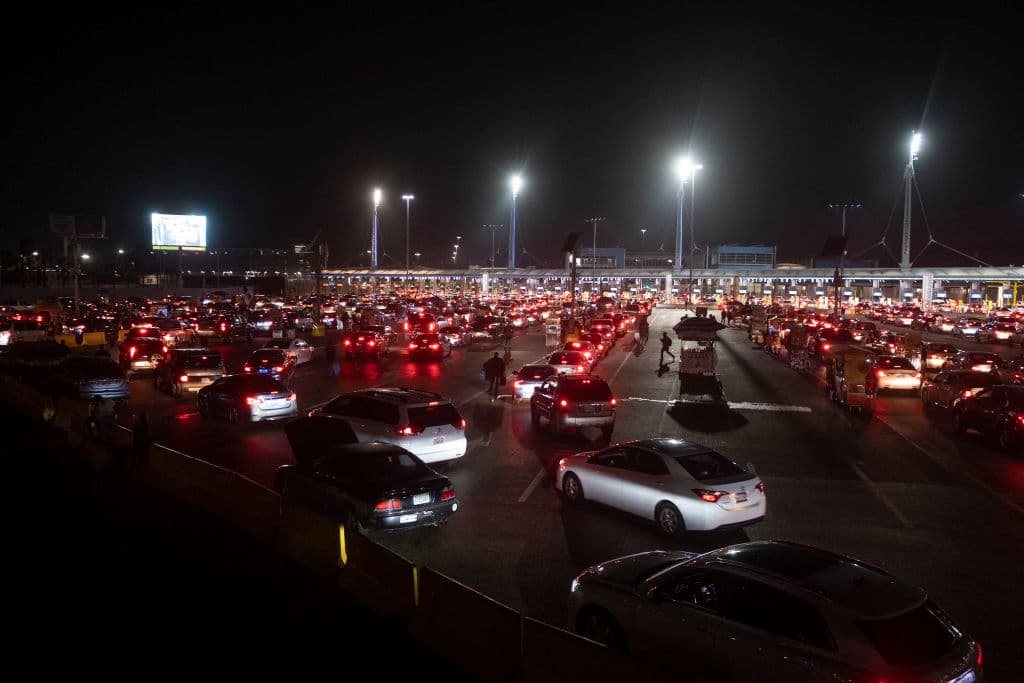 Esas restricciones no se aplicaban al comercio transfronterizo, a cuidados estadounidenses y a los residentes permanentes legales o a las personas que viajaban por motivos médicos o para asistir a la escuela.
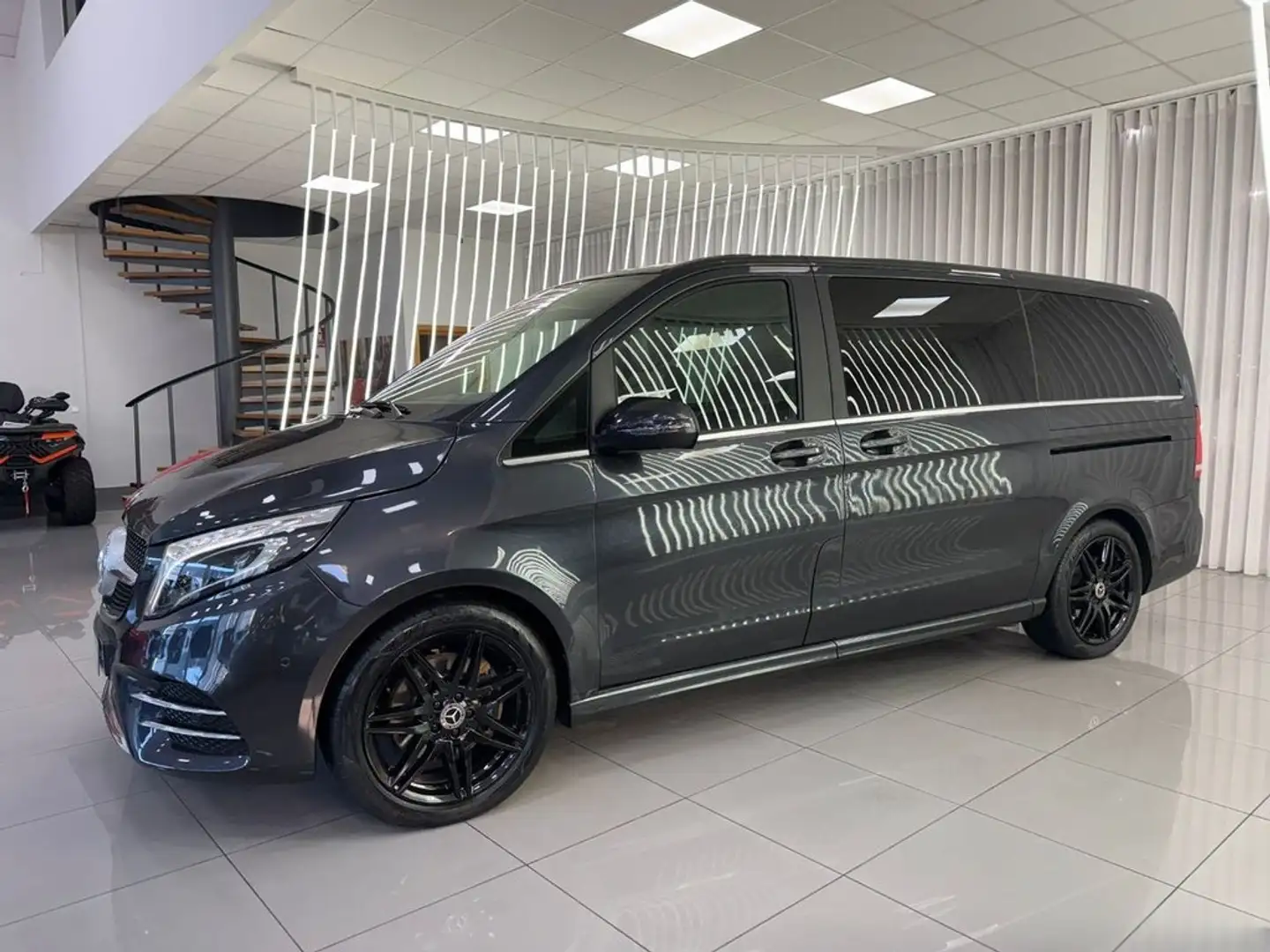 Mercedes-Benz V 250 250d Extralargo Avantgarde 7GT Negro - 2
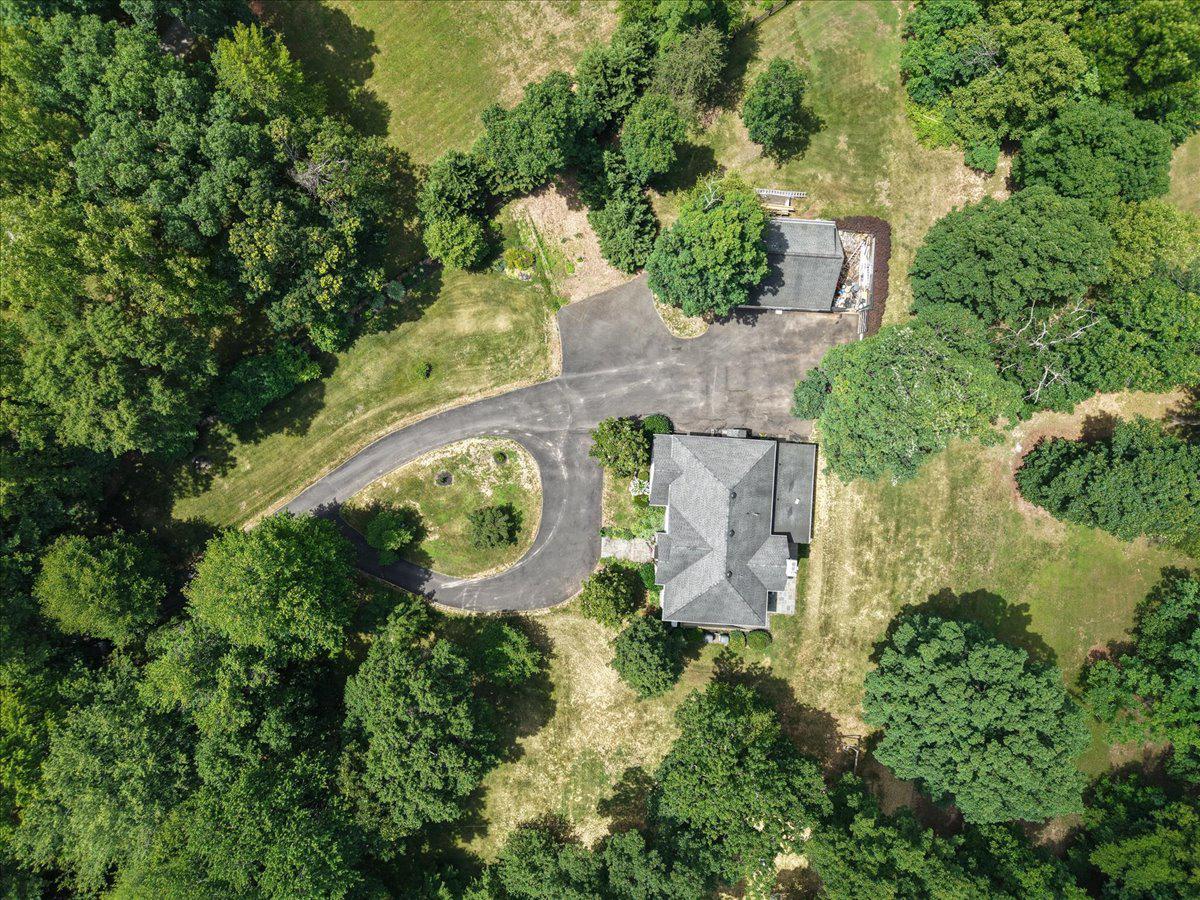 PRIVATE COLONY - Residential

## What is required
Once the pictures are set aside, please output all the data word for word.

## Response area
 Esas restricciones no se aplicaban al comercio transfronterizo, a cuidados estadounidenses y a los residentes permanentes legales o a las personas que viajaban por motivos médicos o para asistir a la escuela.
 Mercedes-Benz V 250 250d Extralargo Avantgarde 7GT Negro - 2
 PRIVATE COLONY - Residential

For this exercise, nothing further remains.